No saneamento, a estratégia se dá de forma
específica, comprovando um sentimento crescente – as privatizações
não se dão apenas através da tradicional desestatização. As
empresas do setor têm buscado a capitalização através de abertura
de capital, além de terceirizar ramos das atividades. Também buscam
estabelecer parcerias público-privadas. “Independente da
privatização, o setor privado vai estar em todos os ramos. As
terceirizações, por exemplo, que reduzem a qualidade do serviço
prestado, são cada vez mais frequentes”, defendeu Edson Aparecido
da Silva, da Federação Nacional dos Urbanitários (FNU-CUT), que
apresentou ricos dados sobre a água no país.

Impacto do agronegócio – É
consenso que o agronegócio é o principal responsável pela
contaminação da água em diversos países, ao lado do hidronegócio.
No Brasil, a agroindústria busca terras localizadas próximas das
reservas, superficiais e subterrâneas. Ao mesmo tempo que é o
recordista mundial de consumo de agrotóxicos, o país também contém
27% da água doce do planeta. O resultado é simples questão de
relacionar os dois elementos – boa parte da reserva hídrica
mundial está sendo crescentemente comprometida. “A análise dos
dados confirma o que temos debatido. Temos a consolidação da
incorporação completa da vida à lógica de mercado. O desafio é
romper essa lógica”, defende o mexicano Gustavo Castro.

A construção de hidrelétricas, sobretudo na
América do Sul, também é um fator de preocupação. No Brasil, há
o avanço sobre os grandes rios amazônicos, em outros momentos
impensável. Nos países fronteiriços, atuam as mesmas empresas
brasileiras, protagonistas, aqui, da preponderância do modelo.
Muitas vezes, pressionam governos locais para a adoção de
hidrelétricas, supostamente menos poluentes. Contam, para isso, com
o suporte do Banco Nacional de Desenvolvimento Econômico e Social
(BNDES), que estimula não só essa política como a criação de
grandes corporações brasileiras. Recém eleito presidente do Peru,
Ollanta Humala tem se esforçado por frear o avanço desregulamentado
de algumas empresas brasileiras em seu território. “Foi firmado,
agora, um acordo energético entre os dois países.
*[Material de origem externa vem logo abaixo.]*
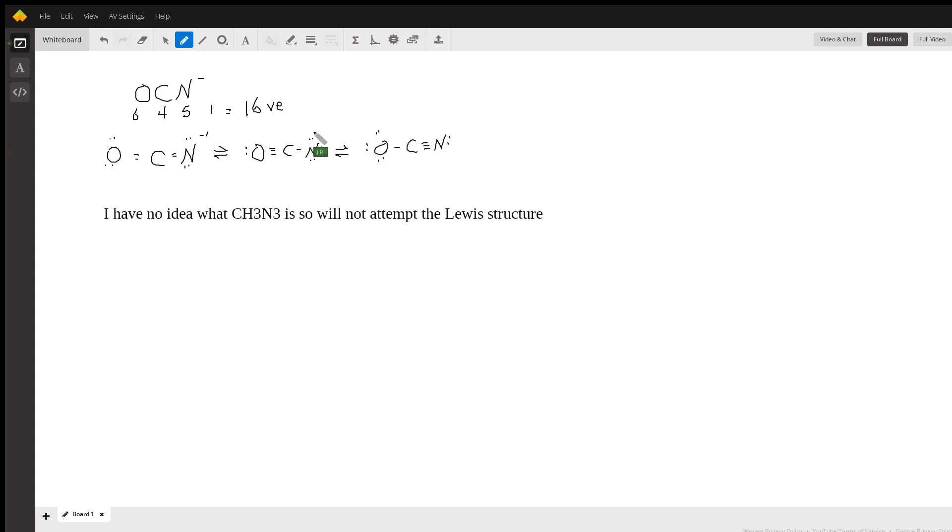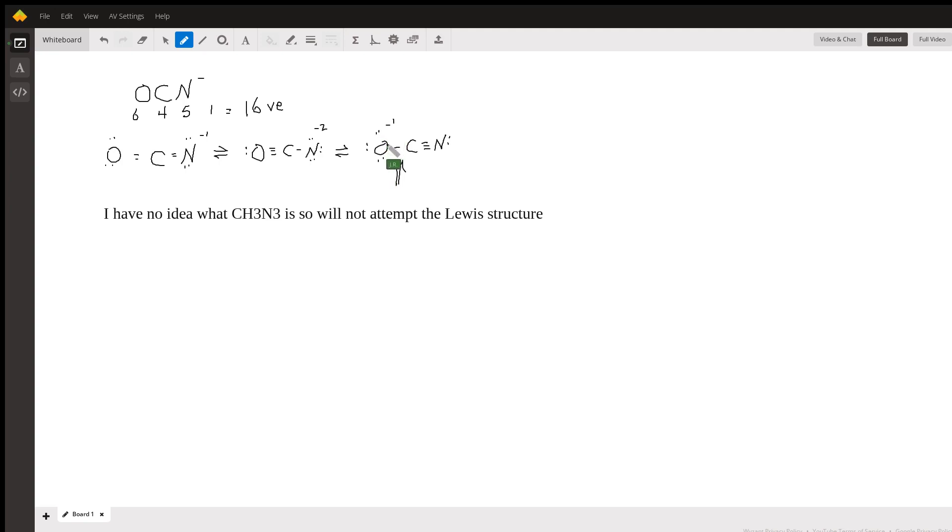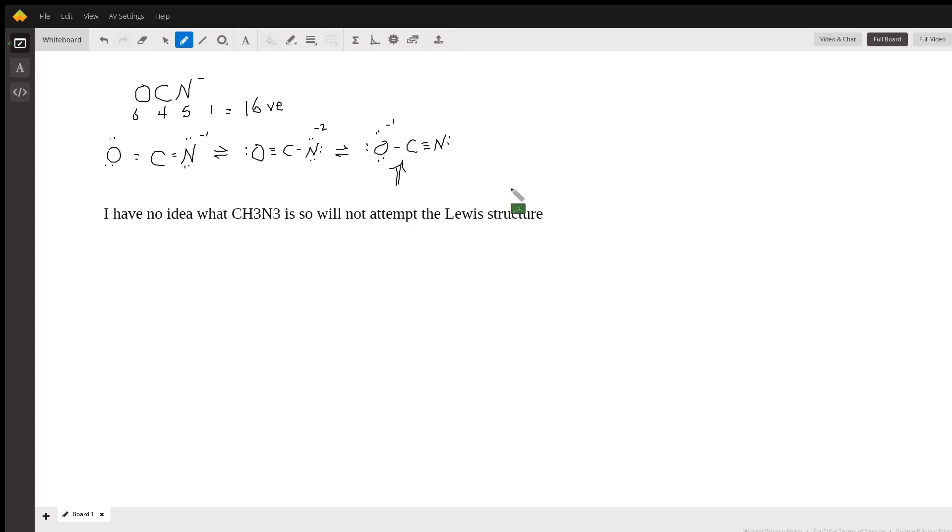Here the nitrogen would be minus two, and here the oxygen would be minus one. So this would be the most stable structure since the negative charge is on the more electronegative oxygen compared to the nitrogen. Those would be the resonance structures for the OCN minus anion.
Estamos atentos”,
avisa Rômulo Torres, do Fórum de Solidariedade do Peru.

Estas estratégias, coincidentes em países
distintos, são elaboradas por intelectuais ligados ao Banco Mundial
e ao Fundo Monetário Internacional (FMI). Mesmo após o fracasso da
devastação neoliberal, as organizações estariam recuperando
prestígio ao moldar suas políticas com um falso verniz
progressista. Há desconfianças de que existiria a intenção de
transformar a água em commodity, com o preço unificado
internacionalmente, proposta já apresentada pela Nestlé. Nada
animador é o saldo da privatização já efetivada: baixa qualidade
dos serviços, zonas de exclusão, tarifas elevadas, diminuição da
produção de alimentos pela dificuldade de acesso, contaminação.